* **Source records**
■ ■ ■ ■ ■

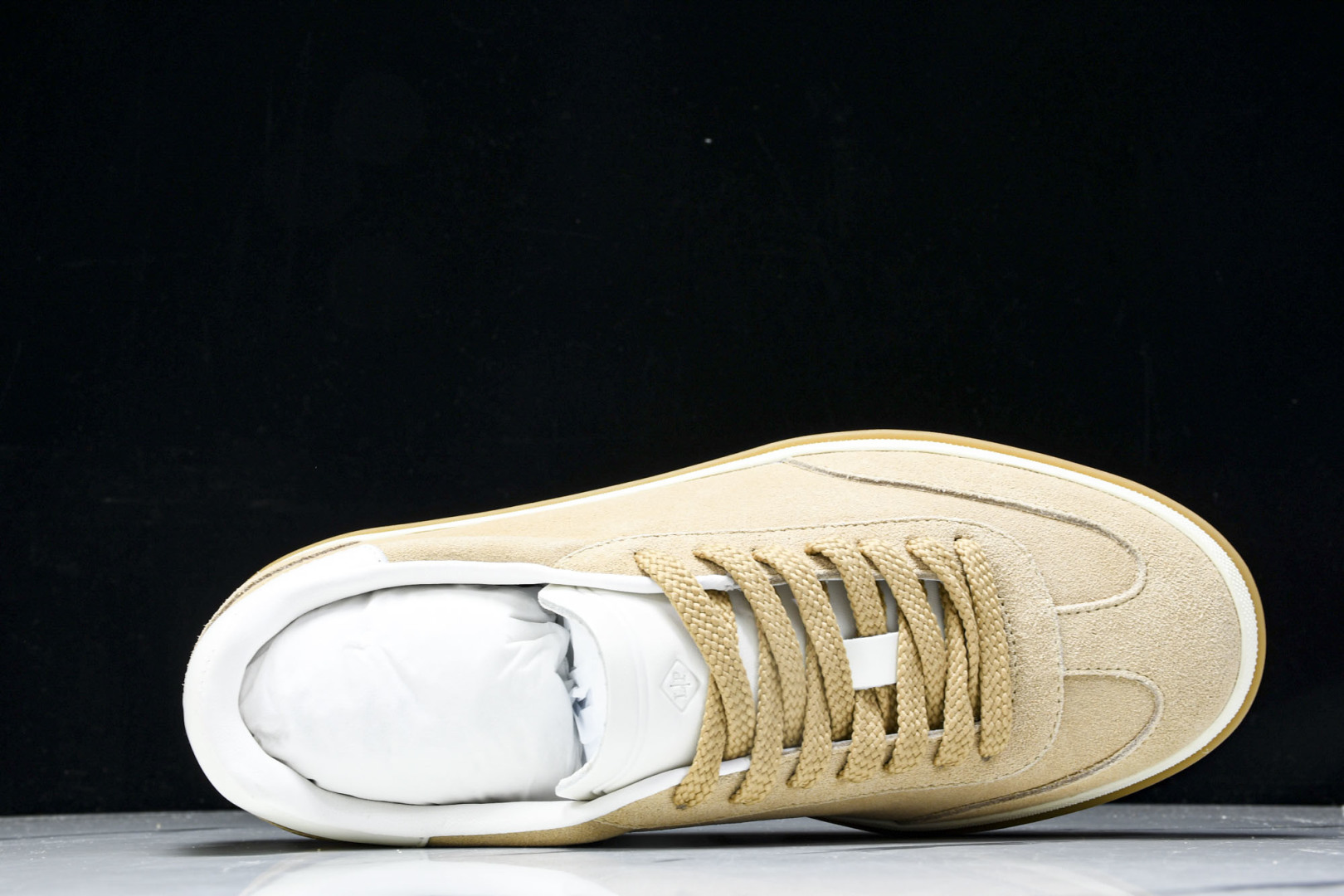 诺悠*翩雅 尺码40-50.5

■ ■ ■ ■ ■

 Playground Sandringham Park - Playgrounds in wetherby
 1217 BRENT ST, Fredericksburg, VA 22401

■ ■ ■ ■ ■

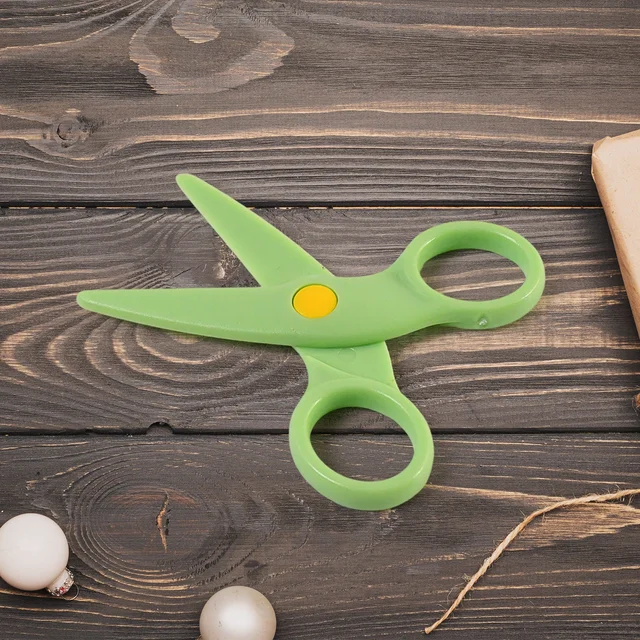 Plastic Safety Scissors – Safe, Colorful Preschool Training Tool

■ ■ ■ ■ ■

* **What is required**
From the records above, retype only the lines starting at the line that contains "Playground Sandringham Park" and ending at the line that contains "1217 BRENT ST, Fredericksburg, VA 22401", both included.

* **Final answer**
 Playground Sandringham Park - Playgrounds in wetherby
 1217 BRENT ST, Fredericksburg, VA 22401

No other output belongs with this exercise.